Придв.<орный> лакей поутру явился ко мне с приглашением: быть в 8 1/2 в А.<ничковом>, мне в мунд.<ирном> фраке, Н.<аталье> Н.<иколаевна> как обыкновенно. В 9 часов мы приехали. На лестнице встретил я старую г.<рафиню> Бобр<инскую> которая всегда за меня лжет и вывозит меня из хлопот. Она заметила, что у меня треугольная шляпа с плюмажем (не по форме: в А<ничков> ездят с круглыми шляпами; но это еще не всё). Гостей было уже довольно; бал начался контрдансами. Г<осудары>ня была вся в белом, с бирюзовым головным убором, г<осуда>рь — в кавалергардском мундире. Г<осудары>ня очень похорошела. Г.<раф> Бобр.<инский> заметя мою <треугольную> шляпу, велел принести мне круглую. Мне дали одну, такую засаленную помадой, что перчатки у меня промокли и пожелтели. Вообще бал мне понравился. Г<осуда>рь очень прост в своем обращении, совершенно по-домашнему.
На Кавказе
Михаил Иванович Пущин:
1829 году, в мае месяце, дождавшись главнокомандующего на границе в крепости Цалке, с ним я отправился в Карс, откуда сделано было нами движение к Ардагану, где, отделив от себя Муравьева на подкрепление Бурцева под Ахалцыхом, мы с главнокомандующим возвратились в Карс; Бурцев же, подкрепленный Муравьевым, не замедлил разбить турецкого пашу, желавшего отнять у нас Ахалцых, и прибыл к нам в Карс, подкрепивши Бебутова гарнизон в Ахалцыхе. По собрании всего отряда в Карсе мы присоединились к Панкратьеву, который выдвинут был на Арзерумскую дорогу. Тут, несмотря на все убеждения двигаться вперед, Паскевич откладывал движение со дня на день, боясь Гагки-паши, расположенного влево от нас, в урочище Дели-муса-фурни, чтобы при движении вперед не иметь его в тылу нашем.
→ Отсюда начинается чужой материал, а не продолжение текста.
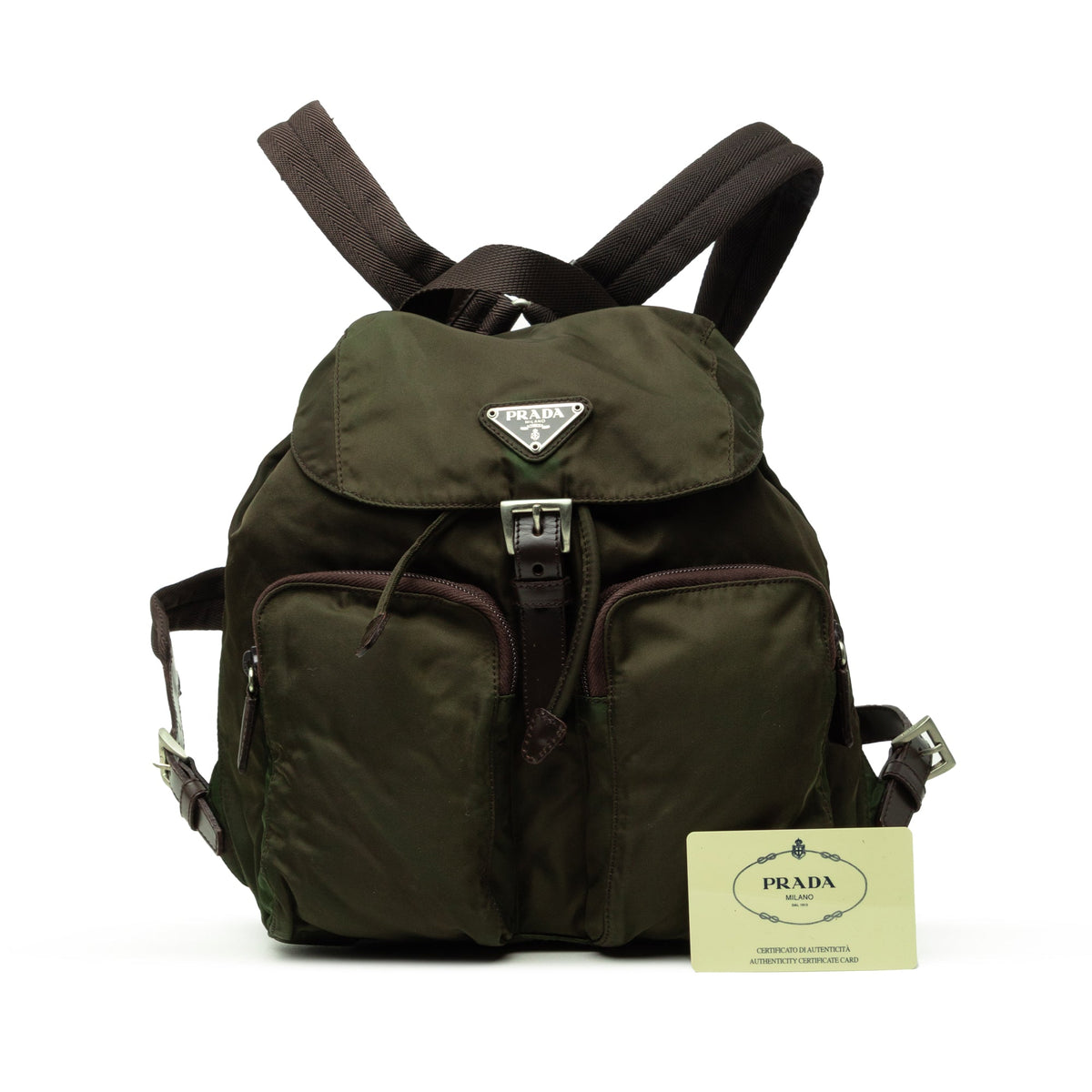 Prada Tessuto Backpack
Во время этого бездействия я, который занимался разведыванием о неприятеле и составлял карты движения к Арзеруму, по обязанности своей должен был делать рекогносцировки и каждую ночь их удачно делал с партией линейных казаков, чаще всего с гребенскими. Однажды, уже в июне месяце, возвращаясь из разъезда, на этот раз очень удачного, до самого лагерного расположения турок на высоте Мелидюза, которое в подробности имел возможность рассмотреть, я сошел с лошади прямо в палатку Николая Раевского, чтобы первого его порадовать скорою неминуемою встречею с неприятелем, встречею, которой все в отряде с нетерпением ожидали. Не могу описать моего удивления и радости, когда тут А. С. Пушкин бросился меня целовать, и первый вопрос его был: «Ну, скажи, Пущин: где турки и увижу ли я их; я говорю о тех турках, которые бросаются с криком и оружием в руках. Дай, пожалуйста, мне видеть то, за чем сюда с такими препятствиями приехал!» — «Могу тебя порадовать турки не замедлят представиться тебе на смотр. Полагаю даже, что они сегодня вызовут нас из нашего бездействия; если же они не атакуют нас, то я с Бурцевым завтра непременно постараюсь заставить их бросить свою позицию, с фронта неприступную, движением обходным, план которого отсюда несу к Паскевичу, когда он проснется.
Живые разговоры с Пушкиным, Раевским и Сакеном (начальником штаба, вошедшим в палатку, когда узнал, что я возвратился), за стаканами чая, приготовили нас встретить турок грудью. Пушкин радовался как ребенок тому ощущению, которое его ожидает. Я просил его не отделяться от меня при встрече с неприятелем, обещал ему быть там, где более опасности, между тем как не желал бы его видеть ни раненым, ни убитым. Раевский не хотел его отпускать от себя, а сам на этот раз, по своему высокому положению, хотел держать себя как можно дальше от выстрела турецкого, особенно же от их сабли или курдинской пики, Пушкину же мое предложение более улыбалось. В это время вошел Семичев (майор Нижегородского драгунского полка, сосланный на Кавказ из Ахтырского гусарского полка) и предложил Пушкину находиться при нем, когда он выедет вперед с фланкерами полка. На чем Пушкин остановился — не знаю, потому что меня позвали к главнокомандующему, который вследствие моих донесений послал подкрепить аванпосты, приказав соблюдать величайшую бдительность; всему отряду приказано было готовиться к действию.